The observations of the High Court came as it dismissed a woman’s plea against a trial court decision dissolving her marriage with a CRPF Commandant on the grounds of mental cruelty. They had got married in 1975.
In its verdict, the bench upheld trial court’s finding that the husband was humiliated due to false proceedings initiated by his wife before the Executive Magistrate which had lowered his reputation in the eyes of not only his seniors but also juniors.
The High Court noted that when the Commandant was posted in Kashmir to combat terrorism, his wife wrote letters to his senior CRPF officials alleging he had an inclination towards a family in the Valley, leading to inquiries against him.
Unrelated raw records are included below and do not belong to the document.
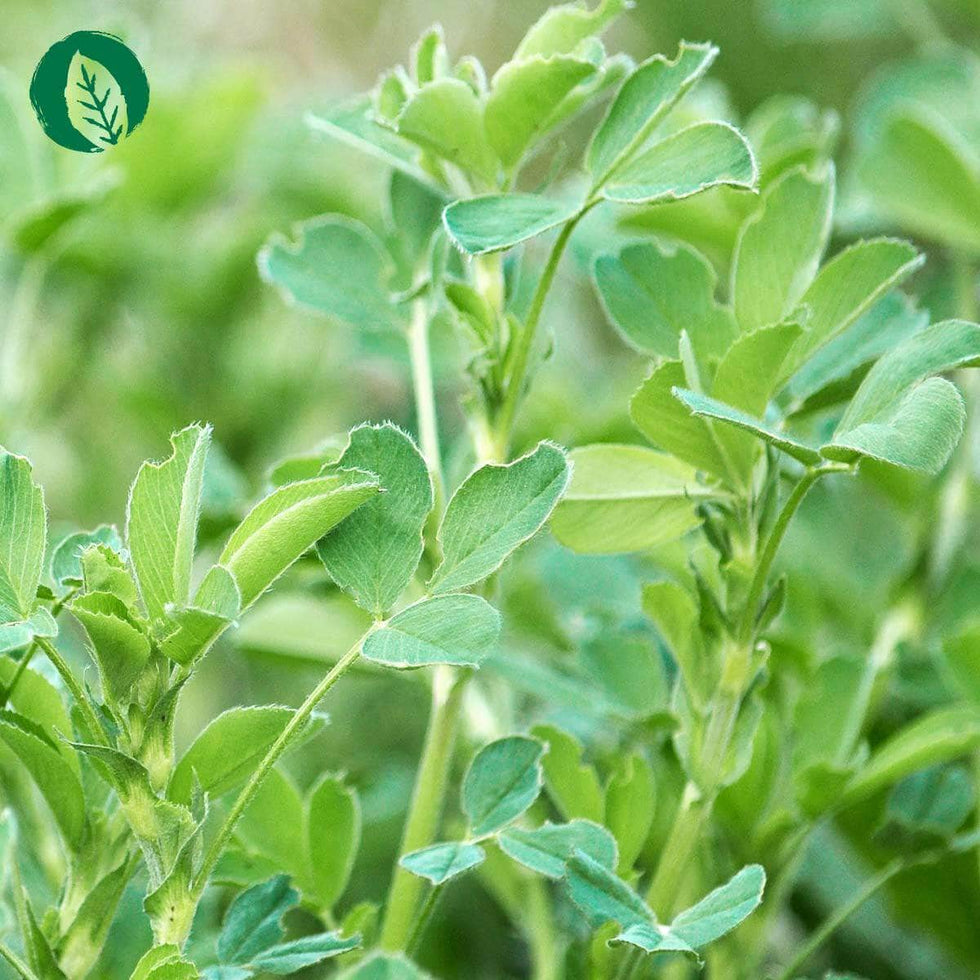 Chlorophyll Tropfen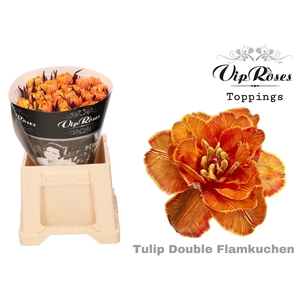 TU DU DOUBLE FLAMKUCHEN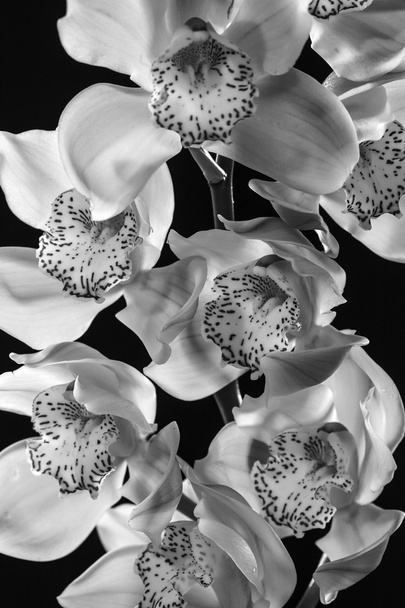 cymbidium of bootorchidee - Foto, afbeelding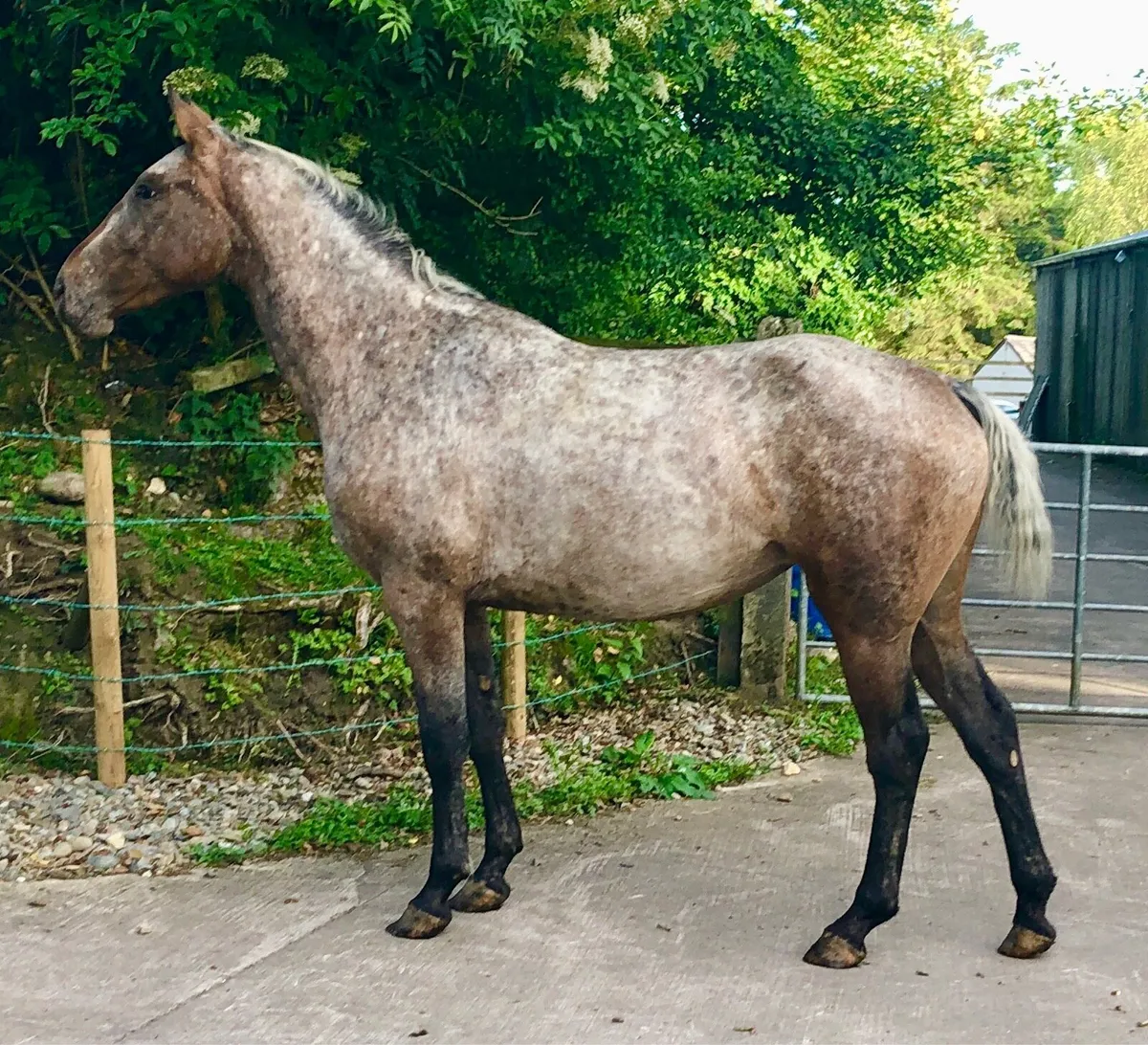 3YO Filly - Image 1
Elaborating further, the bench said this insinuation had led to the transfer of the official to Assam from Kashmir, causing him “serious trouble and embarrassment”.
The High Court, in its 16-page verdict, said, “It could be reasonably assumed that it affected his standing in the eyes of his staff and colleagues, and this was bound to cause him humiliation and anguish, as there was no truth in the complaint.”
The bench further said that false complaints leading to enquiries, transfers, face loss in front of seniors and subordinates, clearly showed that the behaviour of the wife had lowered the man’s reputation and professional standing.
“There was absence of trust, faith and respect for the respondent (man). Appellant (the woman) has been persistently cruel towards her husband not only during their stay together but also during the divorce proceedings which is apparent from the fact that she had levelled the unsubstantiated charges of adultery against him.
“These factors cumulatively prove cruelty on the part of the appellant, as to entitle the husband to dissolution of the marriage,” the bench added.